9 Tips to Keep Your Light Fixtures Shining Brightly
Try these nine easy tips for cleaning your pendants, sconces, track lighting and more.
The light fixtures in your home should be cleaned on a regular basis so you can let as much light into your rooms as possible. Plus, you don’t want to have your fixtures looking smeared and foggy. Here are nine green cleaning tips and tricks to keep glass lights looking crystal clear and metal and fabric fixtures squeaky clean.
1. Remember to look up
Hanging light fixtures should be dusted as often as the furniture in the room. You can use an extendable microfibre duster or a simple feather duster.

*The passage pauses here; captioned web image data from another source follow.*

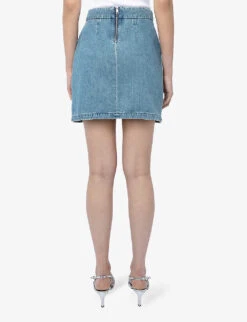 Zadig & Voltaire Julipe Curved-hem Denim Mini Skirt -VogueVibe Store R04174114 LIGHTBLUE ALT03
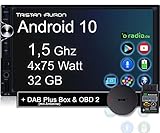 Tristan Auron BT2D7025A Android 10.0 Autoradio + OBD 2 und DAB+ Box I 7'' Touchscreen I GPS Navi 32GB Bluetooth Freisprecheinrichtung I USB SD DAB Plus 2 Din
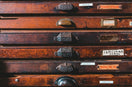 brown wooden drawer with silver door knob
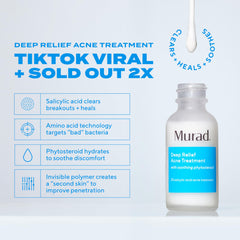 Murad Deep Relief label detail highlighting dermatologist-developed formula.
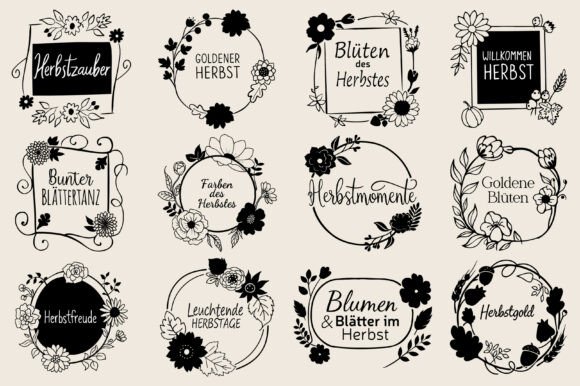 Download German Autumn Flower Floral Frame SVG - Svg Collection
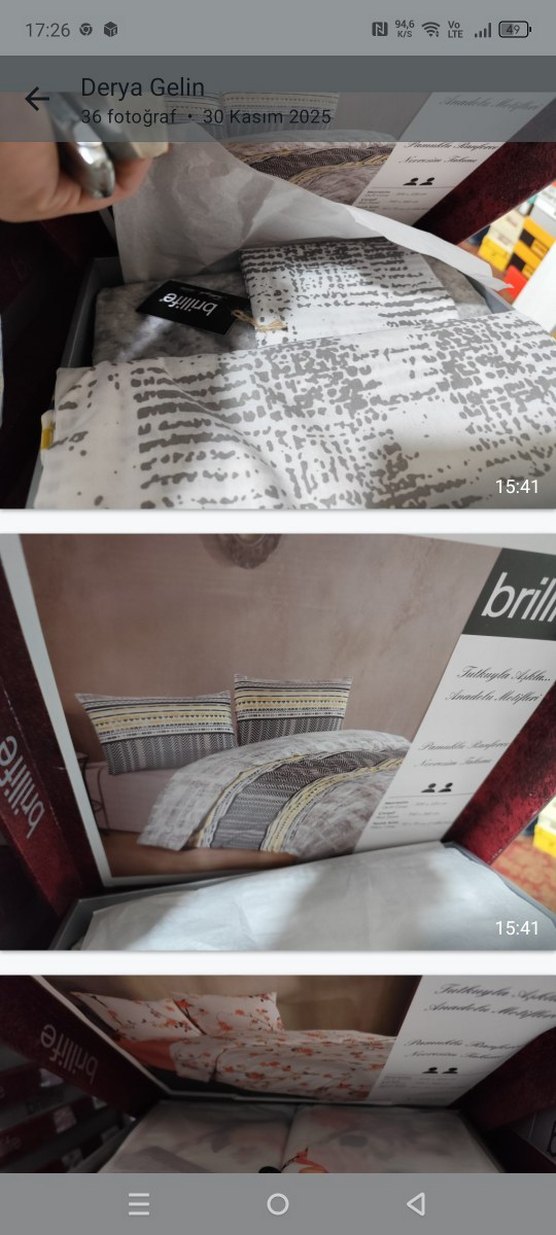 Bordo Desenli Brillife Nevresim Takımı - Görsel 5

Once a month you should wipe the glass with a damp, fine-woven microfibre cloth, getting inside as well as outside of the glass fixture.
2. The chains that bind
When cleaning pendants and hanging lights, don’t forget to clean the cords, chains and fixtures that are holding the lights. These can get a nasty build-up, especially in the kitchen when grease mixes with the dust. You can use a few drops of a grease-cutting detergent on a wet microfibre cloth to cut through the greasy build-up.
3. It’s alright to be shady
If you have light fixtures that have fabric shades on them, there are a few easy ways to keep the dust from building up. First, wipe the fabric with a clean, dry microfibre cloth, which will remove most of the dust.
You can also use a lint roller to capture the dust without spreading it onto the surface below. If there is a severe build-up on the shade, remove it from the fixture and use the dusting brush attachment on your vacuum to remove all the build-up.
4. Hiding in the ’hood
One light fixture that always gets overlooked is the one in your rangehood. This lighting fixture usually has a plastic cover to protect it from spattered grease. The cover needs to be cleaned as often as your stove or it will become covered with grease and won’t let the light through completely. Use a simple grease-cutting cleaner to keep it squeaky clean.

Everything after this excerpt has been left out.